Assignment:
Transcribe the records underneath word for word, and leave no line out.

Input records:

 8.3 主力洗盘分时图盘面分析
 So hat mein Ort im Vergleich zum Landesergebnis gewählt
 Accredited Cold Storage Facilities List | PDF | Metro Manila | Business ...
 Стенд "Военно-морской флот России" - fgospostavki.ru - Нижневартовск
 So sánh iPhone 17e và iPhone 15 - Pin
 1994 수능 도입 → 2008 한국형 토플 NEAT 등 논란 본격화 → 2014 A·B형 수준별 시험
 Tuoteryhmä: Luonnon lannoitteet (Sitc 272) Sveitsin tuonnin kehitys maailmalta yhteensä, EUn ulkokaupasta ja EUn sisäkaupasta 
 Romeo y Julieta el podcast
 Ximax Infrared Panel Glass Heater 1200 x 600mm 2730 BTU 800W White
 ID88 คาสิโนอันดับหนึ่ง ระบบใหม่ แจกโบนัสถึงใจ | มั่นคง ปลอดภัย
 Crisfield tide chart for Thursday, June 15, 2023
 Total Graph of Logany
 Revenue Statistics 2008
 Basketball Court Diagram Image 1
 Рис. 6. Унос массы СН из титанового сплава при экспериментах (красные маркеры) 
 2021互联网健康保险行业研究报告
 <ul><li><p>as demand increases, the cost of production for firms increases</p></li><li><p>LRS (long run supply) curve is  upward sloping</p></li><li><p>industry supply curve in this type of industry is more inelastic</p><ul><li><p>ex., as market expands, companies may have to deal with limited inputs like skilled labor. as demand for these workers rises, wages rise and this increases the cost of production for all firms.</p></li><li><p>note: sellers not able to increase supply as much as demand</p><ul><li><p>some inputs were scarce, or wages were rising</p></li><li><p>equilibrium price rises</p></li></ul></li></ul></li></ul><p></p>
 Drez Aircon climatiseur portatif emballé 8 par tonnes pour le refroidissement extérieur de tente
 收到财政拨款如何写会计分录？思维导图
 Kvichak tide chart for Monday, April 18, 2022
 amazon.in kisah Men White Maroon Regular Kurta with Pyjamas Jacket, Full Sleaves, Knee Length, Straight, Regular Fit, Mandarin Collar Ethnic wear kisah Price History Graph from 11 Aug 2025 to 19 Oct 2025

Solution:
 8.3 主力洗盘分时图盘面分析
 So hat mein Ort im Vergleich zum Landesergebnis gewählt
 Accredited Cold Storage Facilities List | PDF | Metro Manila | Business ...
 Стенд "Военно-морской флот России" - fgospostavki.ru - Нижневартовск
 So sánh iPhone 17e và iPhone 15 - Pin
 1994 수능 도입 → 2008 한국형 토플 NEAT 등 논란 본격화 → 2014 A·B형 수준별 시험
 Tuoteryhmä: Luonnon lannoitteet (Sitc 272) Sveitsin tuonnin kehitys maailmalta yhteensä, EUn ulkokaupasta ja EUn sisäkaupasta 
 Romeo y Julieta el podcast
 Ximax Infrared Panel Glass Heater 1200 x 600mm 2730 BTU 800W White
 ID88 คาสิโนอันดับหนึ่ง ระบบใหม่ แจกโบนัสถึงใจ | มั่นคง ปลอดภัย
 Crisfield tide chart for Thursday, June 15, 2023
 Total Graph of Logany
 Revenue Statistics 2008
 Basketball Court Diagram Image 1
 Рис. 6. Унос массы СН из титанового сплава при экспериментах (красные маркеры) 
 2021互联网健康保险行业研究报告
 <ul><li><p>as demand increases, the cost of production for firms increases</p></li><li><p>LRS (long run supply) curve is  upward sloping</p></li><li><p>industry supply curve in this type of industry is more inelastic</p><ul><li><p>ex., as market expands, companies may have to deal with limited inputs like skilled labor. as demand for these workers rises, wages rise and this increases the cost of production for all firms.</p></li><li><p>note: sellers not able to increase supply as much as demand</p><ul><li><p>some inputs were scarce, or wages were rising</p></li><li><p>equilibrium price rises</p></li></ul></li></ul></li></ul><p></p>
 Drez Aircon climatiseur portatif emballé 8 par tonnes pour le refroidissement extérieur de tente
 收到财政拨款如何写会计分录？思维导图
 Kvichak tide chart for Monday, April 18, 2022
 amazon.in kisah Men White Maroon Regular Kurta with Pyjamas Jacket, Full Sleaves, Knee Length, Straight, Regular Fit, Mandarin Collar Ethnic wear kisah Price History Graph from 11 Aug 2025 to 19 Oct 2025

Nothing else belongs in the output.